Leave the pictures out and print every record below exactly as it stands.

# MATERIAL PROVIDED:
********************
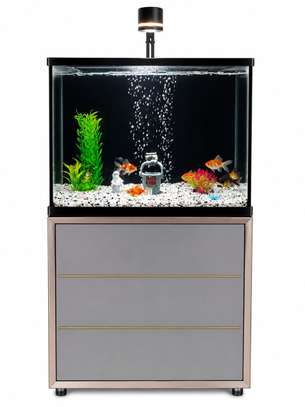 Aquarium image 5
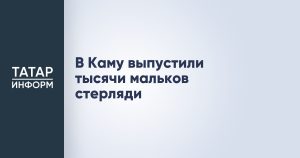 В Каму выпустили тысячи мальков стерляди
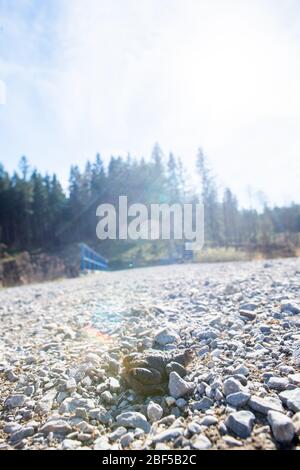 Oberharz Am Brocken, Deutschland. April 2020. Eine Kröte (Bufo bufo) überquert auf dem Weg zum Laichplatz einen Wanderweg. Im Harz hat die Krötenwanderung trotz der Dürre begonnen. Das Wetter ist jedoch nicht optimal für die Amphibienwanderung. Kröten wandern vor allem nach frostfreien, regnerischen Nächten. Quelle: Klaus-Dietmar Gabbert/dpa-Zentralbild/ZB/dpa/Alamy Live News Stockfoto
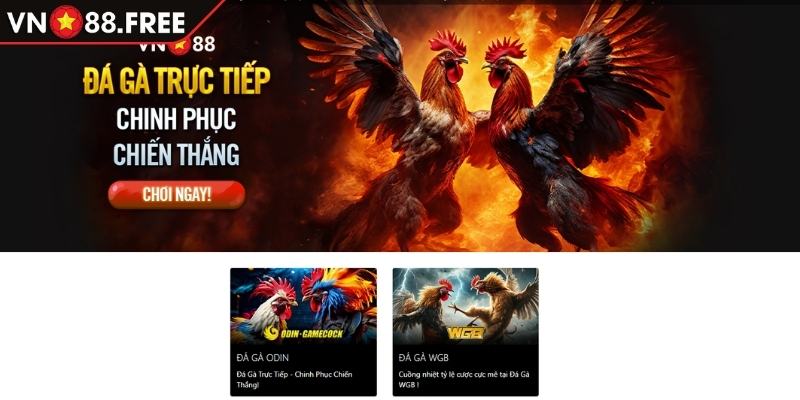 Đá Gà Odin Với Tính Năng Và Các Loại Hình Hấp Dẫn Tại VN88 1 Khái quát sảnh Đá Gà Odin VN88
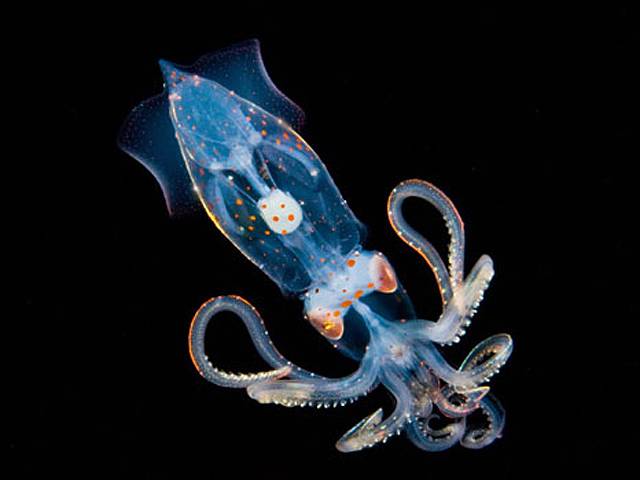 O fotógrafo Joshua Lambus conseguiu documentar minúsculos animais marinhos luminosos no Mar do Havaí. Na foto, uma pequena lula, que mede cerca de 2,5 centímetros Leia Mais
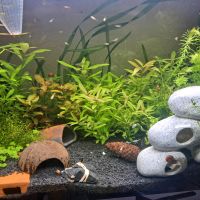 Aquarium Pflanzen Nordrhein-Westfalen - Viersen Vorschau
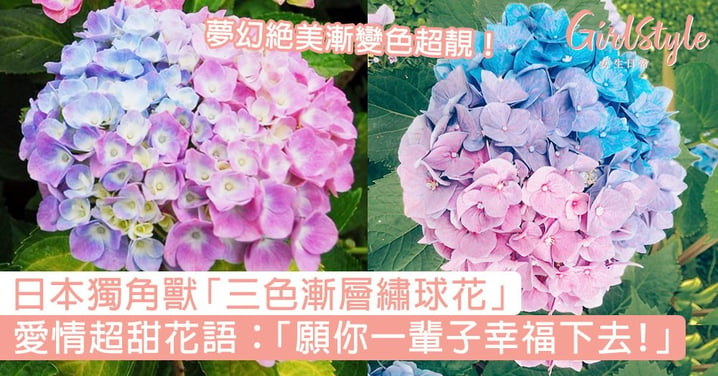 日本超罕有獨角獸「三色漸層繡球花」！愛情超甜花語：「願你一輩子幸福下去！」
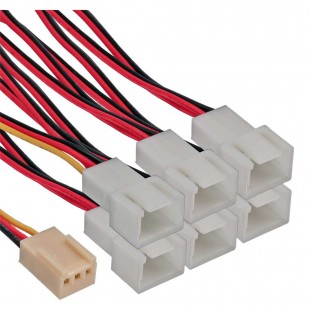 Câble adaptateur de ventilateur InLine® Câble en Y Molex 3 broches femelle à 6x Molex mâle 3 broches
********************
# SOLUTION BELOW:
 Aquarium image 5
 В Каму выпустили тысячи мальков стерляди
 Oberharz Am Brocken, Deutschland. April 2020. Eine Kröte (Bufo bufo) überquert auf dem Weg zum Laichplatz einen Wanderweg. Im Harz hat die Krötenwanderung trotz der Dürre begonnen. Das Wetter ist jedoch nicht optimal für die Amphibienwanderung. Kröten wandern vor allem nach frostfreien, regnerischen Nächten. Quelle: Klaus-Dietmar Gabbert/dpa-Zentralbild/ZB/dpa/Alamy Live News Stockfoto
 Đá Gà Odin Với Tính Năng Và Các Loại Hình Hấp Dẫn Tại VN88 1 Khái quát sảnh Đá Gà Odin VN88
 O fotógrafo Joshua Lambus conseguiu documentar minúsculos animais marinhos luminosos no Mar do Havaí. Na foto, uma pequena lula, que mede cerca de 2,5 centímetros Leia Mais
 Aquarium Pflanzen Nordrhein-Westfalen - Viersen Vorschau
 日本超罕有獨角獸「三色漸層繡球花」！愛情超甜花語：「願你一輩子幸福下去！」
 Câble adaptateur de ventilateur InLine® Câble en Y Molex 3 broches femelle à 6x Molex mâle 3 broches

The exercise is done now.